Lifeguard Devid (Enno Trebs), from the nearby coast, joins the group, to Leon's chagrin. Devid has been the counterpart in the nightly moaning contest with Nadja. The director assembles a party of four to act out relationship games and dynamics against the norms of a mainstream rom-com.
Leon is mesmerized by Nadja, a red-haired, down-to-earth, and extroverted ice cream seller. Felix starts to get preoccupied with the leaking roof and the handsome lifeguard on the premises. And uncontrolled fires start to eat up the landscape surrounding the cottage.
Petzold makes the character of Leon the anti-hero of the story. In contrast to Nadja, Felix, and Devid, who are enjoying a summer vacation, Leon is cranky, self-absorbed, and patronizing; he cannot take life with ease. He becomes the very embodiment of what Germans call walking around with “Kopf in den Arsch”. The tribulations of the young writer do not bother the rest of the party, as he becomes a total buzzkill.
Afire takes the shape of an undisclosed modern adaptation of Moliere's immortal classic The Misanthrope, or the Cantankerous Lover, as the film ultimately turns into a relationship comedy of manners. (The director acknowledges Anton Chekhov's novella Missius as an inspiration.)
However, Petzold portrays Leon as the fool, but not because of uncompromising honesty and idealism, as Moliere depicted Alceste. The misanthropic attitude stems from the young writer´s inability to simply enjoy life, as well as his pathological preoccupation with work and his personal insecurities and anxieties that keep him isolated from others and life. Leon is a neurotic knot.
Thankfully, the director does not devote the entire film to the hapless writer's attempts to proclaim heteronormative infatuation with the redheaded firecracker. In addition to art and love, nature is another driving force in the narrative. The uncompromising destruction of wildfires that leave nothing but scorched earth serves as a potent metaphor for artistic and existential pursuits.
Despite the mainstream appeal of the film, Petzold cleverly balances the literal and figurative imagery. He turns Afire into a cinematic oeuvre surpassing the simple joys of rom-com while simultaneously appealing to arthouse and mainstream audiences. And the director is not afraid of risqué, heartbreaking moments that come crashing down like a ton of bricks in the last act.

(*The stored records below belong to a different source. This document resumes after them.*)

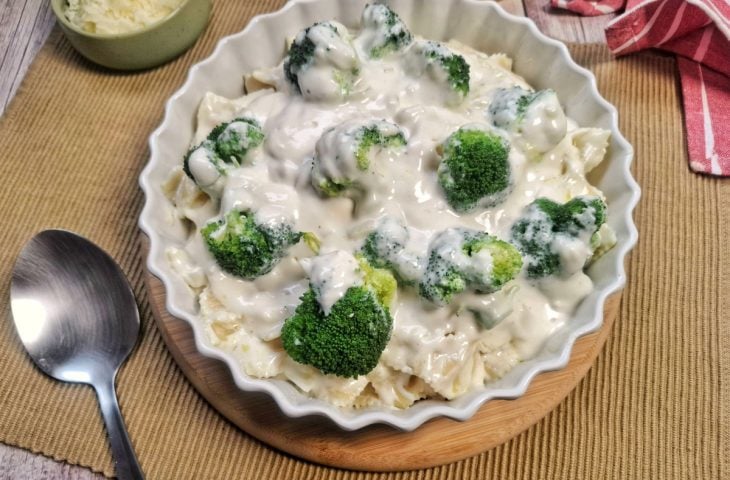 Molho branco com brócolis
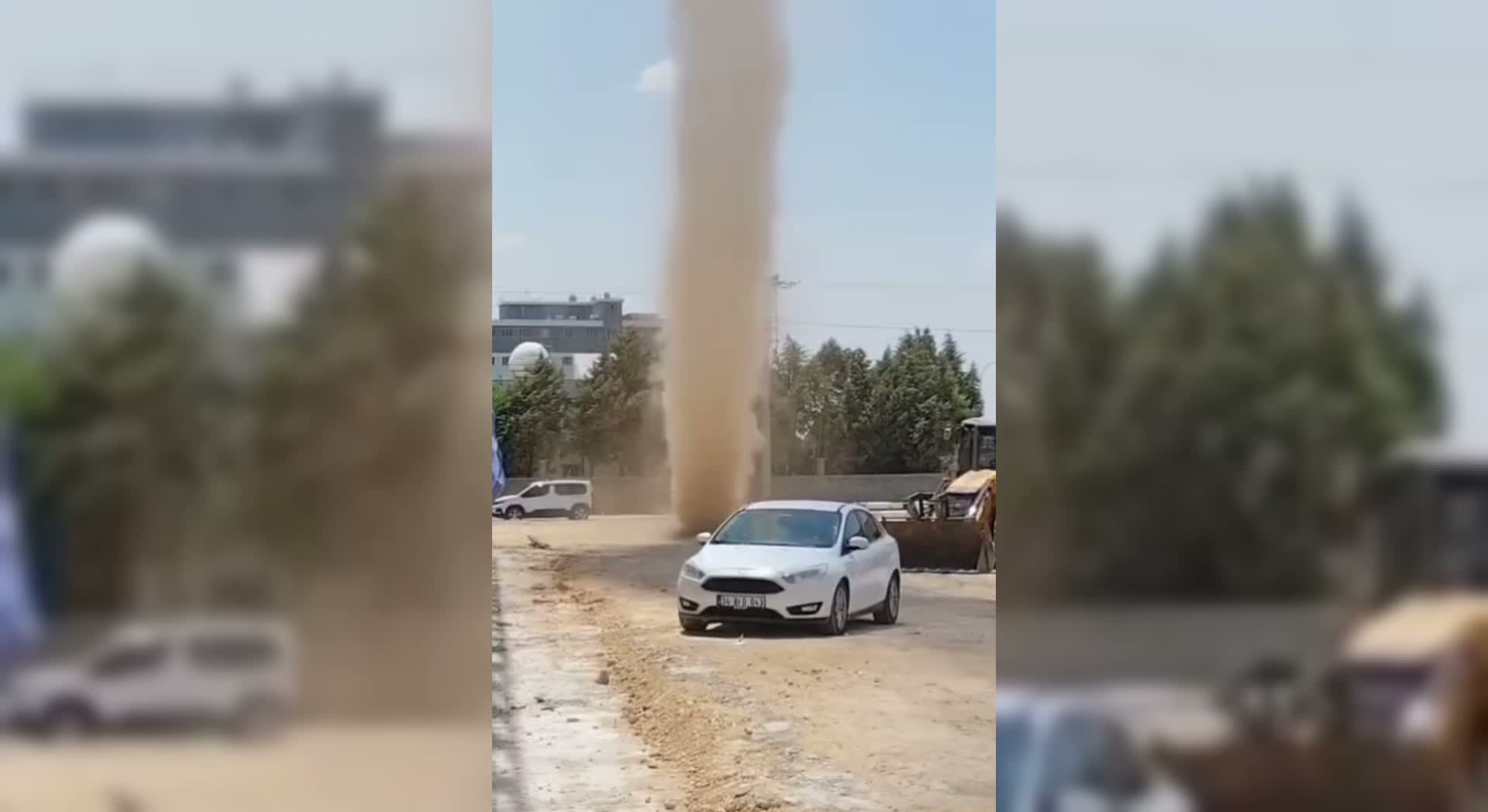 Mardin Organize Sanayi Bölgesi'nde meydana gelen "hortum" ilginç görüntü oluşturdu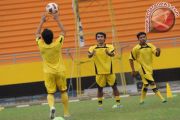 Calon pemain SFC latihan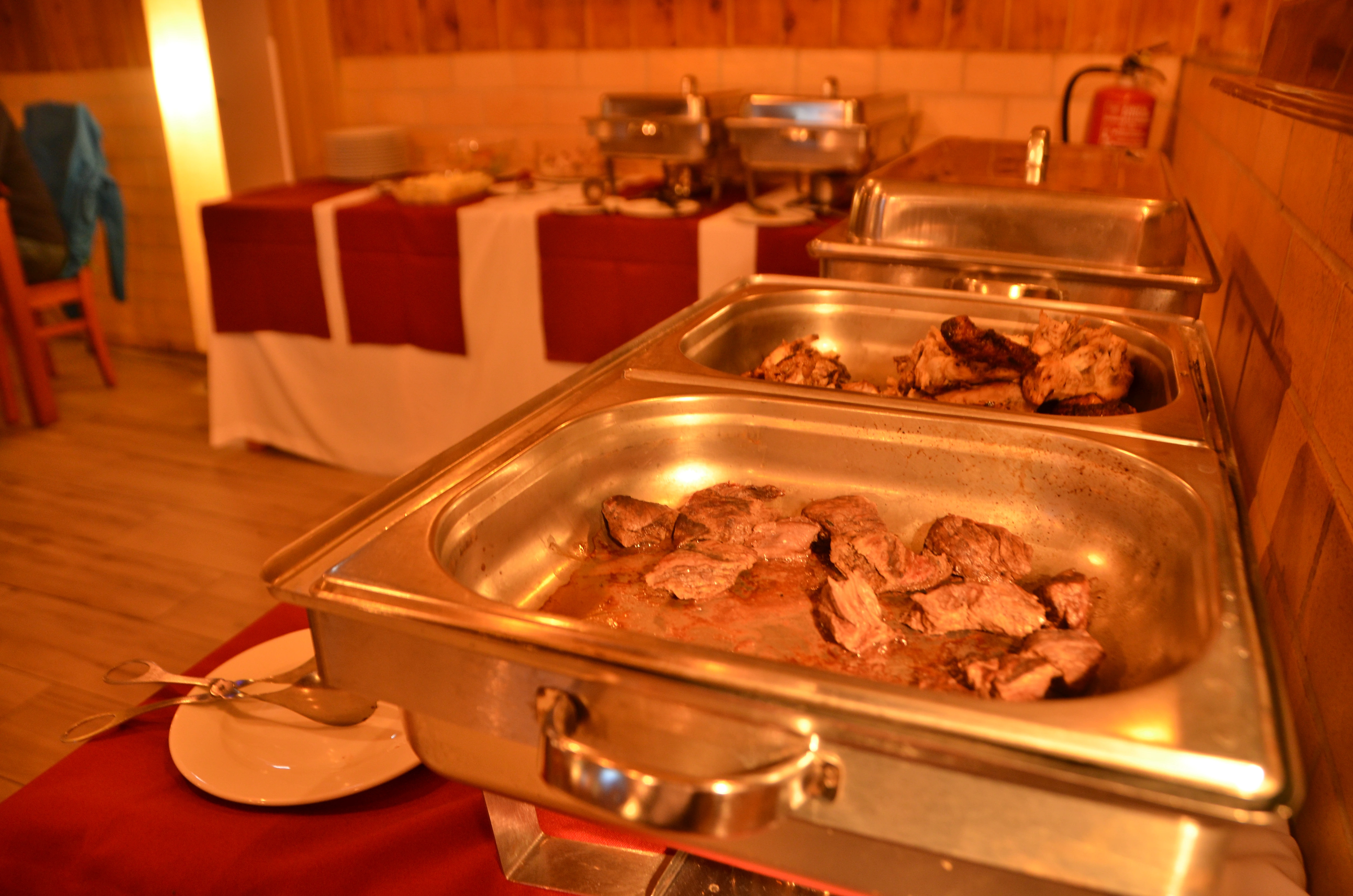 Ilha de saladas e acompanhamentos frescos do buffet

Afire weaves a rich emotional variety, from feel-good to cringe to tragic, with a precisely crafted melodrama. In the same manner, the chameleon-like film elegantly shifts from bromance to (hetero- and homo-) romance and tragedy.
Pigeonholing Afire as a romantic film does a huge disservice to it. This is not only due to the complexities Petzold manages to craft. In spite of known genre norms, the German writer-director and the cast enjoy cliché-baiting the audience, so that ready-made romantic stereotypes can be skewered.
Afire is a summer dramedy like no other that offers different shades of tragicomedy and a post-pandemic, refreshing serving of attitude: don't take yourselves so seriously. Even if the world is burning.
Sideshow and Janus Films have acquired Afire for summer theatrical release in the U.S. The film won the Silver Bear Grand Jury Prize.